1. The law of conservation of mass (Lavoisier, 18th century): Lavoisier was one of the first to carry out quantitatively accurate chemical measurements. He demonstrated that combustion required oxygen, and he demonstrated oxygen’s role in the rusting of metals. His observations led him to deduce the following general law known as the law of conservation of mass: In every chemical transformation, an equal quantity of matter exists before and after the reaction.

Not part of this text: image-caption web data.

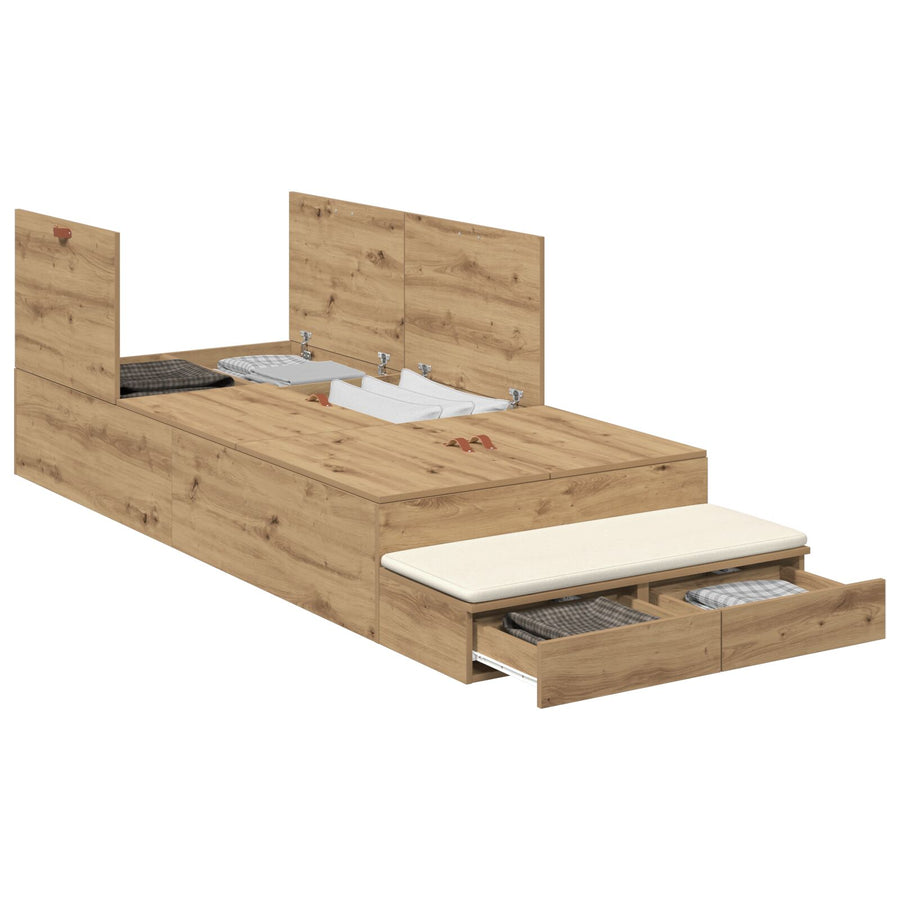 Opbergbedframe Artisan Eiken Bewerkt Hout 236,5 X 100 X 31,5 Cm Artisanaal Eiken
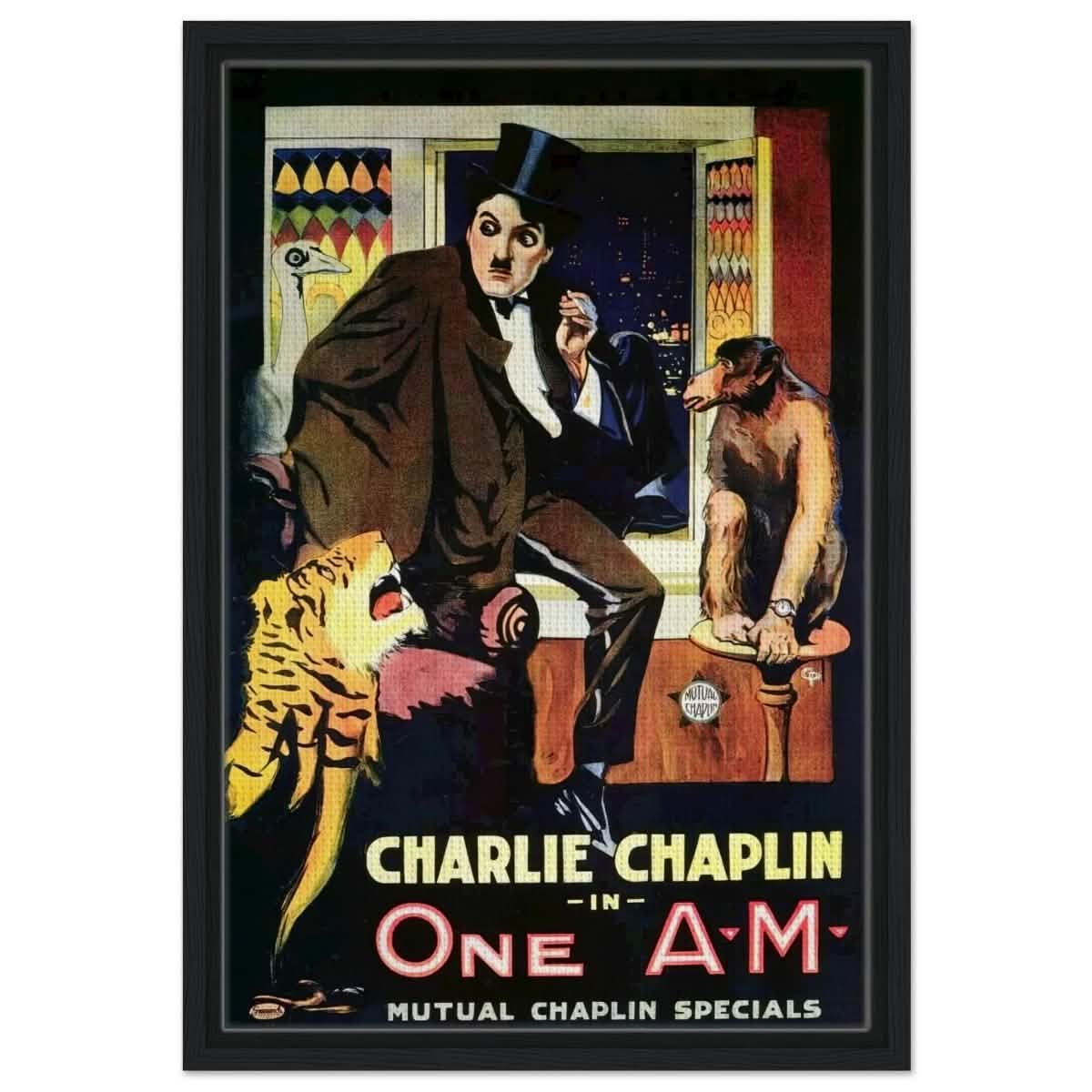 Da Vinci Pop Art Wall art print | Charlie Chaplin | One AM - Framed Canvas - 40x60 cm / 16x24″ - Black frame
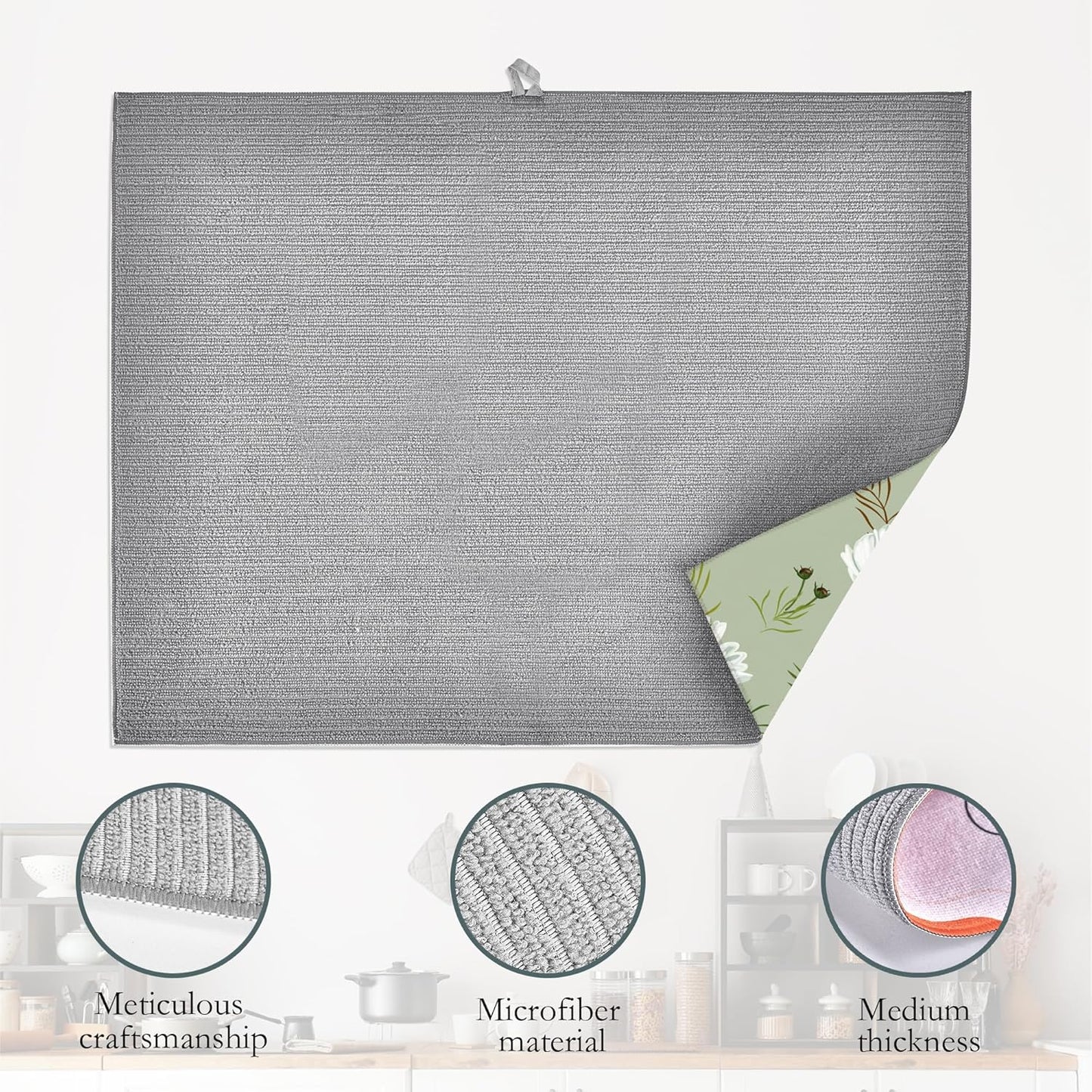 White Daisy Flowers Dish Drying Rack Mat for Kitchen Counter, Dish Drying Pad Absorbent Reversible Microfiber Protector for Coffee Bar Sink Countertops 18x24 Inch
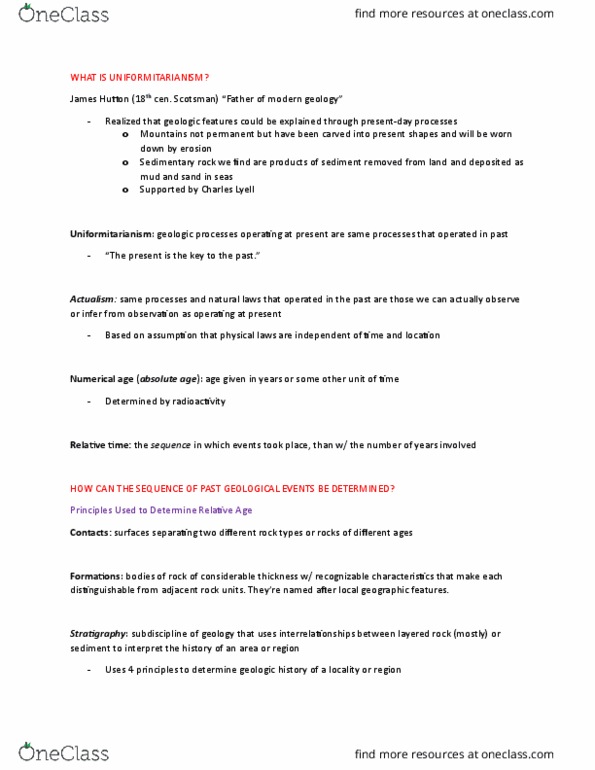 EESA06H3 Chapter Notes - Chapter 19: Erosion Surface, Metamorphic Rock, List Of Index Fossils thumbnail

(Because he was a tax collector and nobleman, Lavoisier was branded a traitor during the French Revolution and beheaded in 1794.) 2. law of definite proportions (Joseph Proust, shortly after Lavoisier): Proust studied metal compounds, including metal oxides, carbonates and sulfides. From the work of Robert Boyle in the 17th century, it was understood that substances that could be broken down into more fundamental components were mixtures or compounds. Substances that could not be further broken down were referred to as elements. Thus, Proust deduced the so-called law of definite proportions: In a given chemical compound, the proportion by mass of the elements that compose it are fixed, independent of the origin of the compound or its mode of preparation. This is basically saying that sodium chloride, for example, is always NaCl, no matter how it is obtained, made, or prepared. There are no “intermediate” compounds. 3. The law of multiple proportions: (John Dalton, shortly after Proust): Studied gases and gaseous mixtures under different external conditions. Building on Proust’s work, he noted that mathematically discrete manner in which elements combined to form different compounds. For example, in carbon monoxide (CO), the mass ratio of oxygen to carbon mO /mC = 1.33 and in carbon dioxide (CO2 ) mO /mC = 2.66. Thus, since the amount of carbon is fixed in each compound, we can look at how the amount of oxygen varies, and we find that mO (in CO2 )/mO (in CO) = 2. The generalization of this idea is the law of multiple proportions: When two elements form a series of compounds, the masses of one that combine with a fixed mass of the other are in the ratio of (small) integers to each other.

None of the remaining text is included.